Trump’s “Religious Freedom” Executive Order: A Wolf In Sheep’s Clothing

Today's executive order didn't specifically mention LGBT people, but it's still designed to harm us.

Today’s executive order by Trump is a tremendous danger to the LGBT community, to women’s rights and reproductive rights. It is a wolf in sheep’s clothing. Although the executive order didn’t outline overt discrimination against the LGBT community, make no mistake: It did tremendous damage. Today the President weakened our constitutional divide between church and state.

The executive order signed today begins the process to set aside what was known as the Johnson Amendment. Named after President Johnson, this important law kept churches and synagogues from endorsing political candidates or risk losing their non-profit status. But today’s order will allow churches, mosques, synagogues, temples, and faith community to freely endorse and organize for political candidates without fear of losing their tax exemptions.

Religious institutions have always been able to speak about issues from the pulpit. Churches and synagogues, mosques, and faith communities can and do use up to 10% of their budgets on lobbying their elected officials about public policy. Under the Johnson Amendment they cannot endorse political candidates as an institution, nor can religious leaders endorse candidates from the pulpit, nor can churches organize their parishioners for a particular candidate. If they do, they can lose their tax-exempt status by the IRS. Today’s order began the process to change that.

For LGBT people this means that fundamentalist religions that are anti-gay are further empowered to wield their hateful theology—but this time with politicians. This executive order strengthens the hand of anti-gay voters. No doubt this will translate into electing officials who will not only be tone deaf to the cause of equality for the LGBT community but those who are hostile to the LGBT community. Many of these voters are the base of the GOP. Under the guise of “religious liberty” if you can’t win fairly change the rules. And that is what the president has done. Ultimately the Johnson Amendment has to be voted on in Congress but today’s action weakens the IRS from prosecuting those who violate the law.

In California we who lived through the nightmare of Prop 8 that took away the right to marry from LGBT Californians got a taste of what happens when churches spend their resources against LGBT people. The Catholic and Mormon churches funneled tens of millions of dollars into their campaign of hate toward the LGBT community during that battle. And lawsuits were brought against the Mormon Church because of the amount of money they spent in excess of the current rule. But imagine now the same power of those churches to give money to their candidates from church coffers. Our electoral system is already awash in corruption and money and this order will only make it worse.

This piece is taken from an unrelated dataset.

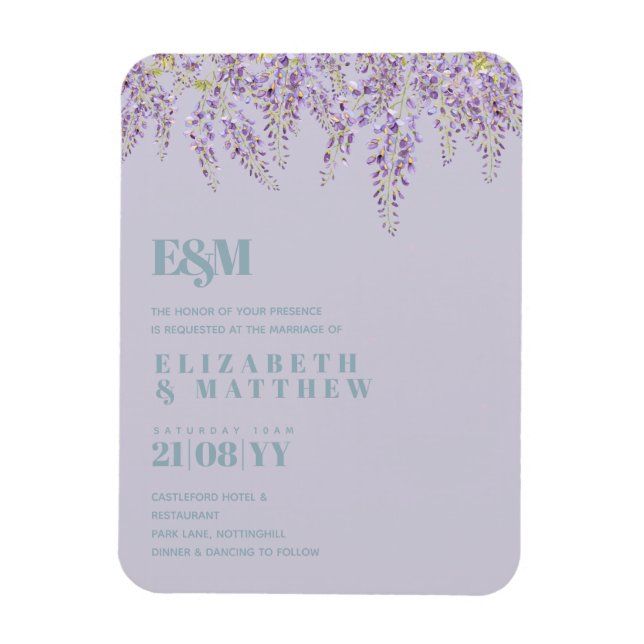 Purple Wisteria Sage Floral Garden Wedding Magnet (Vertical)
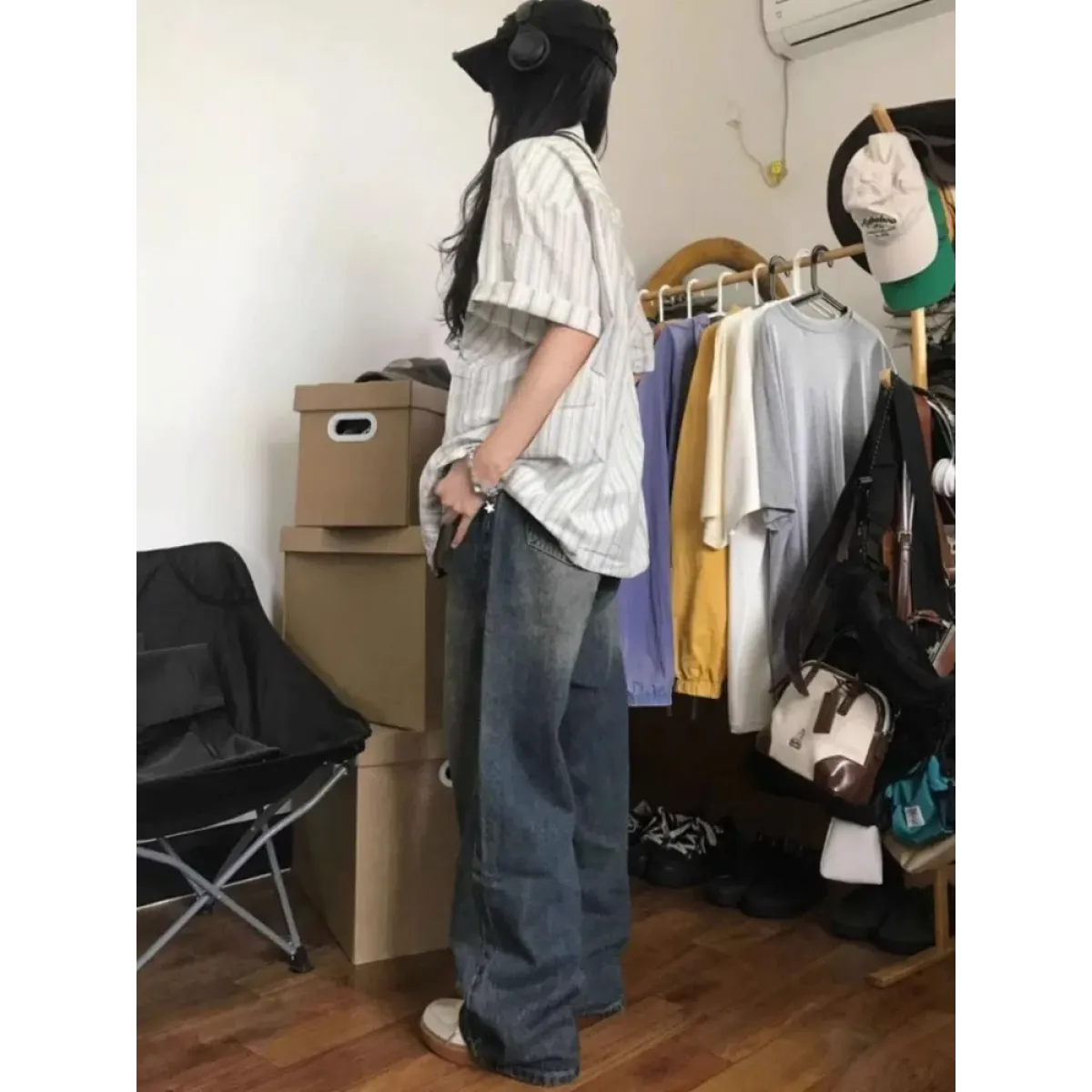 Y2K Striped Loose Fit Button-Up Shirt - T-Shirts - Button-Up Shirt - 5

Today’s executive order also strengthens the ability of religious organizations to refuse to provide health insurance benefits to employees if it conflicts with their religious beliefs. Thus Catholic nuns who run hospitals can refuse to provide reproductive care in their insurance to its hospital employees or to the patients in their hospitals. Or a food bank run by a Christian fundamentalist organization can refuse to fund the insurance for mental health services for its LGBT employees, or PrEP for those with HIV, or gender reassignment surgery, or addiction recovery. In other word, private health decisions between an individual and their medical team will be affected by the religious views of their employer. The Supreme Court ruled in the Hobby Lobby case that a privately held company could do this and today’s actions extend that ruling.

These may not at first glance seem like an attack on the LGBT community. But this executive order is a broad side against the separation of church and state and gives religious institutions a greater hand in shaping elections, elected officials and in imposing their religious views on others. Our Constitution is clear about the separation of church and state. Our Constitution prevents the establishment or privileging of any one religion over another. The wall of separation makes clear two important ideas: It keeps our government from establishing a state religion and also it gives Americans the freedom from any religion at all. Today’s actions will favor certain religious beliefs over others.

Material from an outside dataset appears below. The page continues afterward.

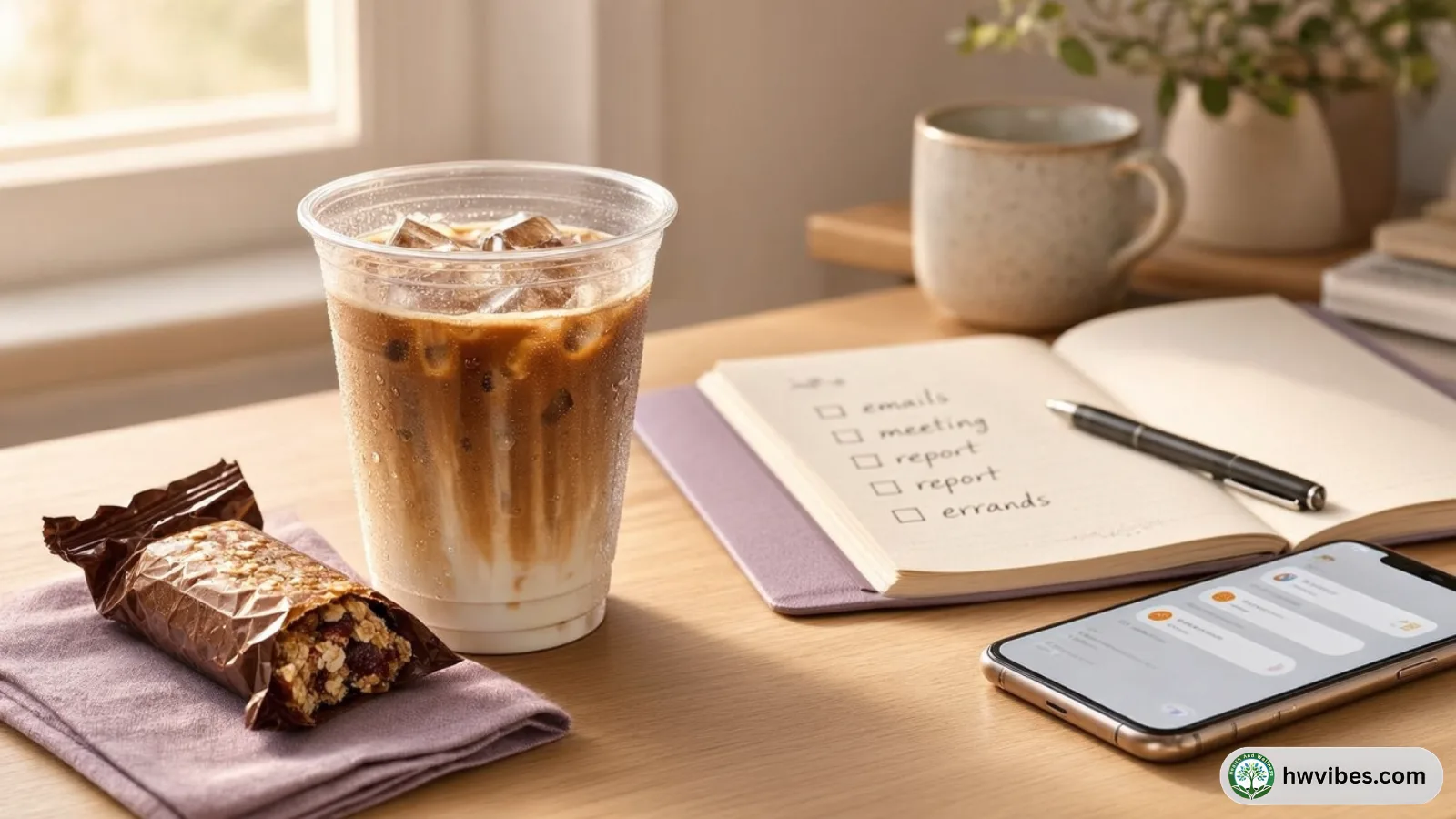 Sugary drink and snack on a desk with a phone and to-do list showing a busy day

I speak as a religious leader, a rabbi: The strength of America has been that wall of separation between religion and our democracy. That separation has enabled religious minorities and other minorities to thrive and has prevented an American theocracy. Today’s action by the president bashed a large hole in that wall of separation. Today’s executive order will allow churches, synagogues, temples, mosques, and faith communities to endorse candidates and to coerce their members into voting for particular candidates all the while enjoying tax free benefits.

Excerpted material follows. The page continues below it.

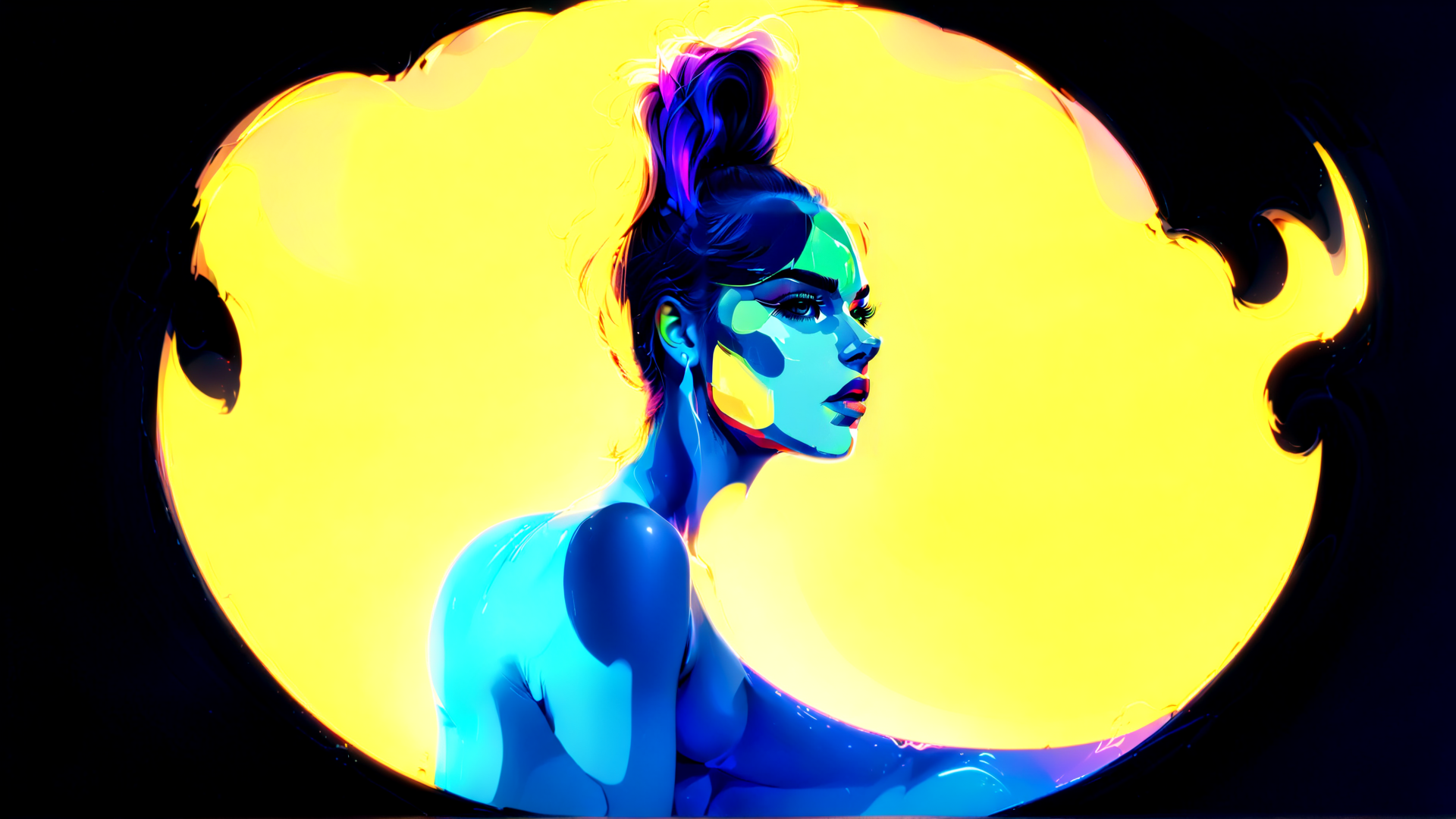 AI generated wallpaper featuring woman, silhouette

Many religious groups are appalled at today’s actions by the President. My faith tradition, Reform Judaism, has a long tradition of social action and social justice but we are also clear that synagogues should not be in the business of politics helping to elect candidates. There are many other Christian, Islamic, Buddhist, Baha’i, and other faith communities who agree with this idea.

Those of us who care deeply about human rights and civil rights and equality for all under the law must work to strengthen the wall of separation between religious institutions and our government. For LGBT people and our allies and women right’s advocates, todays signed order means we have to work harder and smarter to organize and work for our equality and for justice in our time. Let’s get to work.

Rabbi Denise L. Eger is the founding rabbi of Congregation Kol Ami, in West Hollywood, and the past president of the Central Conference of American Rabbis, the oldest and largest rabbinical organization in North America.